The volume is especially strong and comprehensive in offering information on the numerous ethnic groups, which is one of the differentia specifica of the southeast European region. It is impossible to even begin to enumerate them all (there are several dozens to the count of this reviewer, whose horizon was pleasantly broadened). Very welcome are also the entries on historiography that offer concise typologies of historical writing in the region. The brief, but well-written entries on women are compensated by the comprehensive bibliographies. There is, however, no entry on feminism, alas, but there are ones on patriarchy and family forms. All articles in this volume are supplied by excellent bibliographies, but they reflect primarily German- and less so English-language scholarship, with rare French titles, and extremely sparse references to the extensive and not to be underestimated scholarship from the region proper.

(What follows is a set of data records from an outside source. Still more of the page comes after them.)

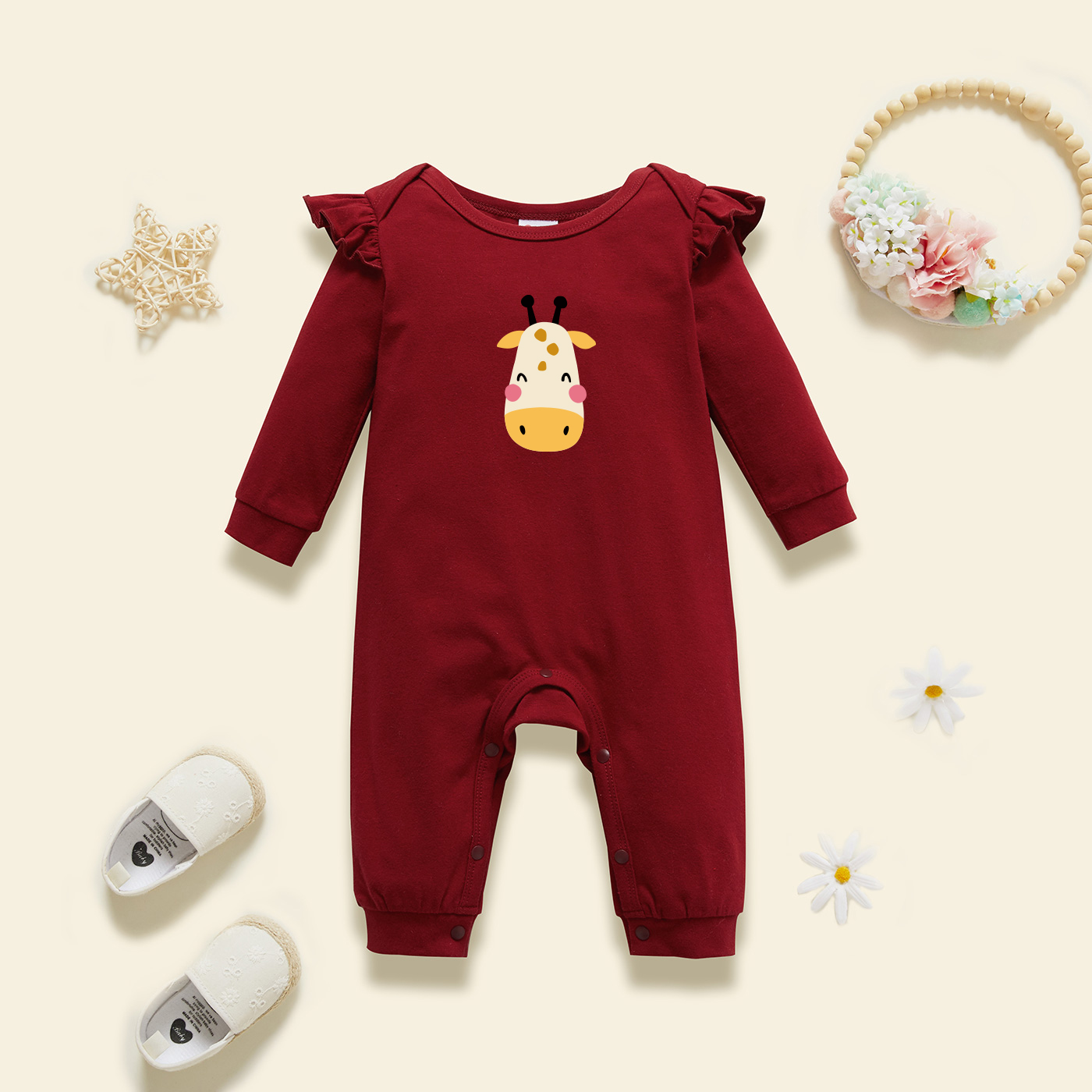 

Baby Graphic Flutter-sleeve Burgundy Long-sleeve Jumpsuit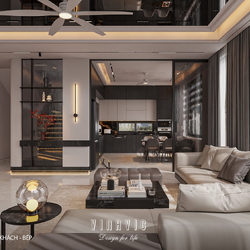 Nội thất biệt thự 2 tầng hiện đại 11x11m (CĐT Mr Minh - Hải Dương) NT2356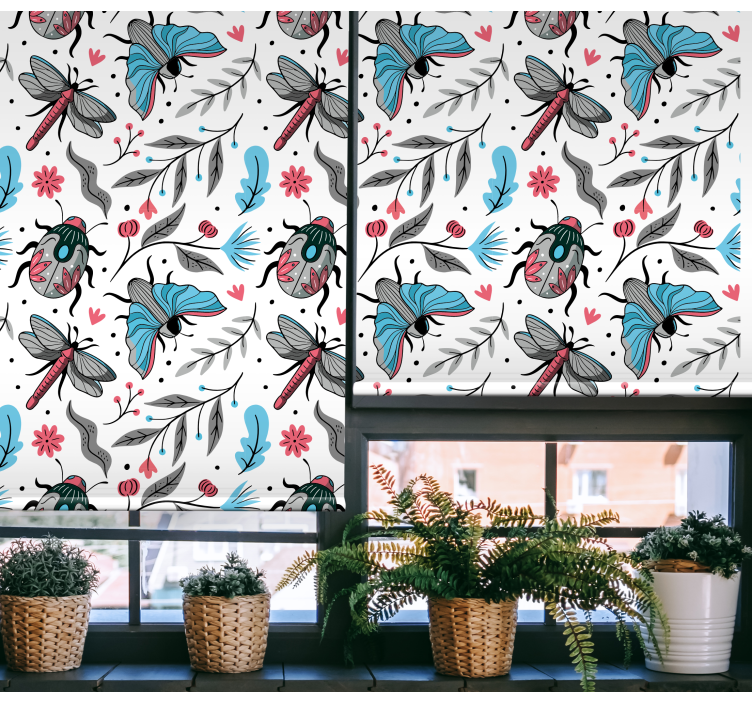 Winged insects and flora flowers and plants roller blind - TenStickers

What is missing, but this is a conscious and informed omission, are entries on individuals, with the exception of the most important dynasties. This is offset, of course, by the four-volume Biographisches Lexikon zur Geschichte Südosteuropas (Munich, 1972–81). While this decision is perfectly understandable as a measure to keep the volume wieldy and prevent redundancies, there is little reason, despite the proleptic note in the introduction, to not include a name index, which would have allowed more efficient searches. On the other hand, readers would wait with anticipation for the digitized version of the biographical lexicon, being prepared at present by the Leibniz Institute for East and Southeast European Studies (IOS) in Regensburg (http://www.biolex.ios-regensburg.de), which is also the birthplace of the present volume.

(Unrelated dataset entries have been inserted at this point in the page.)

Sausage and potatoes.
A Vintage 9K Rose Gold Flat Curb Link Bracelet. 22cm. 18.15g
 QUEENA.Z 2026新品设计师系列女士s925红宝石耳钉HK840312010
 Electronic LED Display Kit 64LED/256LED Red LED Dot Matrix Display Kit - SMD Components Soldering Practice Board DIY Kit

It is obviously not possible to go in depth about the separate entries, but some clearly stand out. For example, the concept of nation has three entries, with two long additional ones on nation-building and nation-state-building. This differentiation is crucial, in order to stress the constructedness in both cases, and disentangle their often assumed superimposition. Outstanding is the entry on modernization, which is both theoretically sophisticated and concrete. Especially impressive are the lemmata on urban life. After a general one on the definitions of the city, there are special typological entries on the Byzantine, Ottoman, Dalmatian, Hungarian and Balkan cities, as well as on urbanization, and good, brief surveys of the capital cities and major towns in the region. Given the overwhelmingly rural character of the region until the mid-twentieth century, very important are the entries on peasants, peasant revolts, peasant emancipation, village communities, and segmentary society.

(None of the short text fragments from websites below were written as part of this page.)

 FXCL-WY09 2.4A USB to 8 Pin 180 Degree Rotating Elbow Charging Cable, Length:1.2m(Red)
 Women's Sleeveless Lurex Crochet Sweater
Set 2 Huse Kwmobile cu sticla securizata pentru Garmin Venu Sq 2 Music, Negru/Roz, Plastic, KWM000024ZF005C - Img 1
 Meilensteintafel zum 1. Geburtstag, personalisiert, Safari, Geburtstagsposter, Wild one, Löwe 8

Lexica are collective enterprises and a most difficult undertaking in the historical profession, which is overwhelmingly individual. All contributions, written by an international team of over 70 scholars, are of invariably high professional quality. A good number of the best entries are penned by Holm Sundhaussen, the late retired professor for southeastern Europe at the Free University in Berlin, which used to be one of the pillars of German east European scholarship. Sundhaussen was the co-editor of this volume when he suddenly passed away in February 2015, and the Lexikon is the last monument of his illustrious career. It is to the credit of the other co-editor, Konrad Clewing, also author of excellent entries, to have ably brought this arduous task to a successful conclusion. The result is a sophisticated and significant contribution to southeast European studies that merits translation into English.